Case Study

Burger KingGoogle Home of the Whopper

Burger King’s ‘Google Home of the Whopper’ campaign won the Grand Prix for Direct at Cannes International Festival of Creativity 2017, for use of broadcast.

Burger King managed to activate Google Home devices through its commercial. It first launched on the Burger King YouTube channel and featured a Burger King attendant trying to describe a Whopper and its fresh ingredients. Running out of time, he ended by asking Google the question, “Ok Google, what is The Whopper burger?”. And low and behold, Google Home assistants and Android phones that enabled voice search, automatically started reading out the answer from the Burger King Wikipedia page. But that’s where complications set in.

Internet trolls managed to edit the Burger King Wikipedia entry, adding ingredients like “100% medium sized child” and “cyanide.” Editors reinstated the original wording and Google then found a way to prevent the ad’s activation of Google Home devices, not long before it was due to be broadcast on TV screens. New versions, with extra audio edits, were launched and within days after the spot aired, Google Home changed its software to recognise up to six voices only.

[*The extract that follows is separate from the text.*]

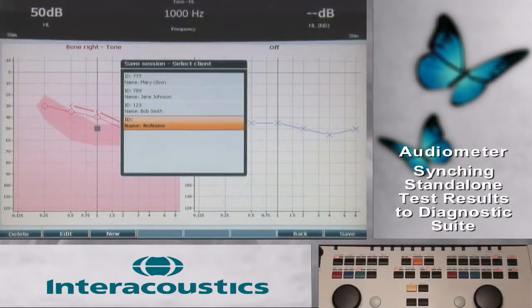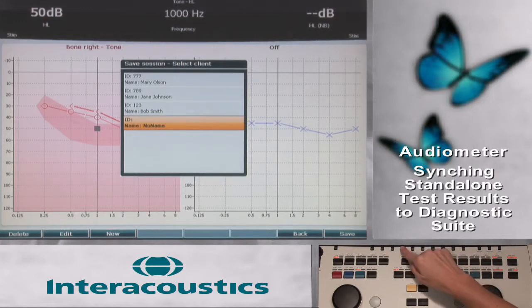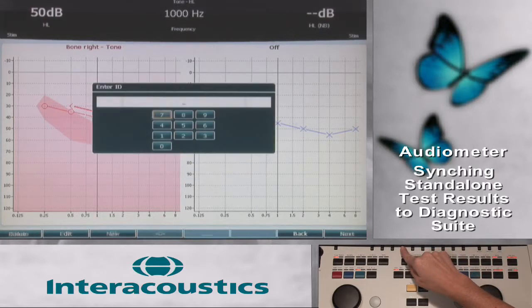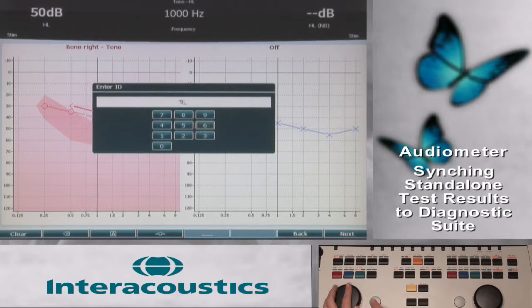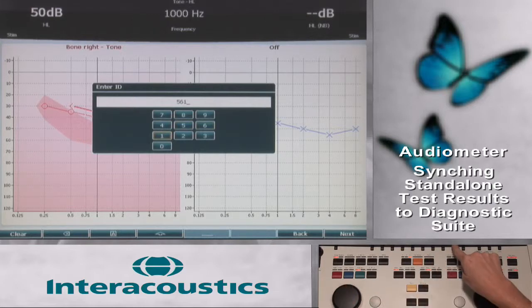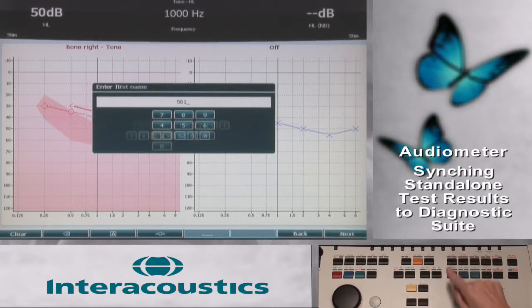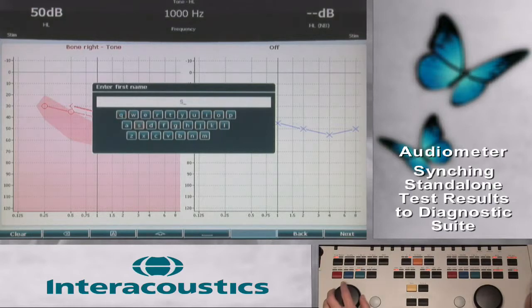A second way to transfer data is by first saving the client record in the audiometer and then transferring through the Sync tab. This can be useful when the audiometer does not have immediate connectivity to a PC. To review the saving of client records to the audiometer, return to the video tutorial series for selection.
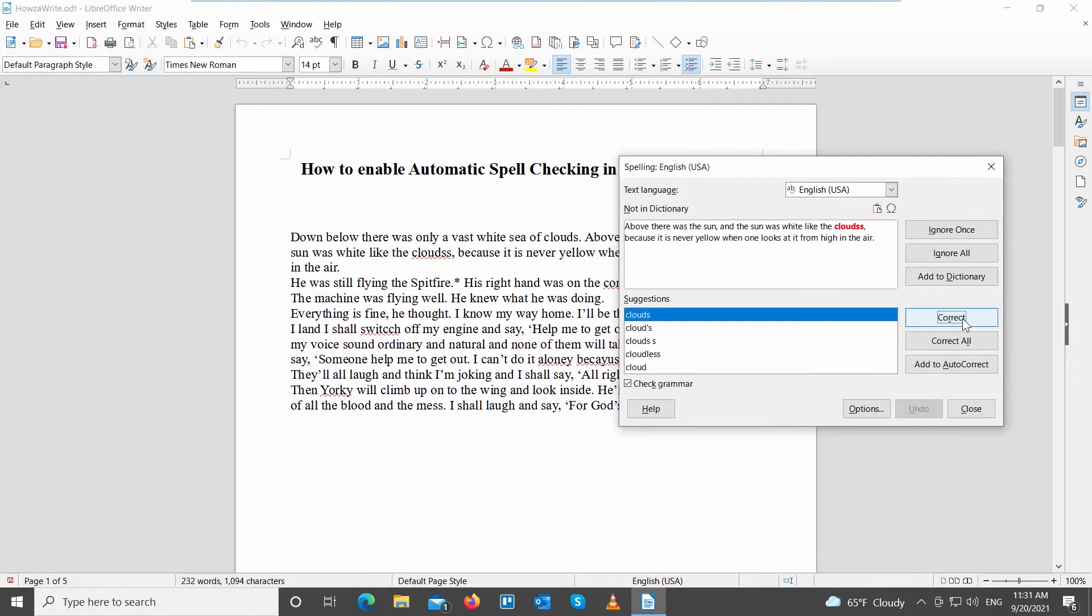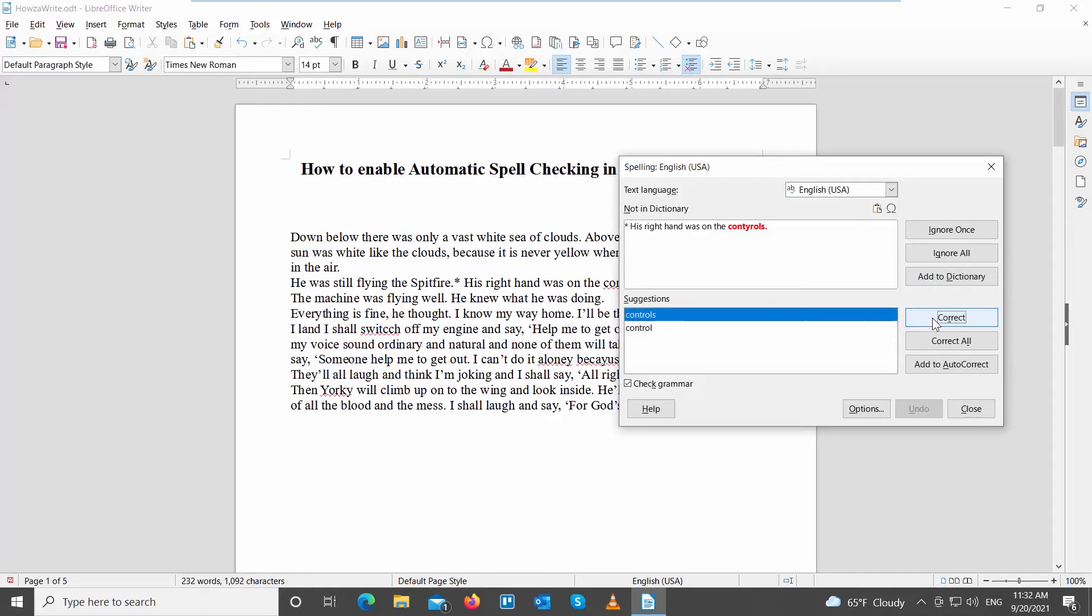If you want to correct a mistake, choose the correct word from the suggestions list. Click on Correct. You can repeat if there are more mistakes. Click on the word in the suggestions list and click on Correct.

  • Earned 9.3 billion global impressions
  • Trended globally on YouTube, Facebook, Twitter, and Google Trends: Burger King’s most talked about TV spot and most engaged video in the brand’s history
  • The spot earned $35 million in US media
  • Created a 500% increase in brand mentions
  • Viewed organically 10 million times online within 48 hours of launch
  • Totalled 15 million online-only views compared to 700,000 Google Home devices targeted
  • Burger King became first brand ever to use voice-activated tech to advertise a product and started a debate around the limits of advertising and invasive technology


This is the verbal/sound equivalent of the BIZARRENESS EFFECT – the tendency for bizarre material to be more memorable than common material. By invading consumers’ homes with voice activation, it certainly pervades the bizarre end of the spectrum.

Case Study

AsicsASICS’ Foot Type Test AD

One of the biggest issues for runners is injuring themselves by wearing the wrong shoes. To combat this, ASICS ran a print ad in Brazil with a practical purpose: to help runners work out what kind of shoe they need. Up until then, this information could only be determined by visiting a specialist running store.

The ASICS ad, by Neogama/BBH in Sao Paulo, used a thermochromic ink that reacts to body heat. All people needed to do was stand on the print ad, which appeared on the cover of April’s edition of ‘Runners’ and ‘Women’s Health’ magazines in Brazil. The ad would then show them whether their foot type was a supinator (when the shoes wear themselves out on the outer area of the sole), pronator (wear themselves out on the inner area of the sole) or neutral (when the sole wears itself out uniformly).


Ever tried to find the right pair of trainers? There’s an overwhelming amount of choice, so this again is an example of the thought avoidance bias – CHOICE REJECTION. Making the purchase process simple, streamlined and uniquely personal.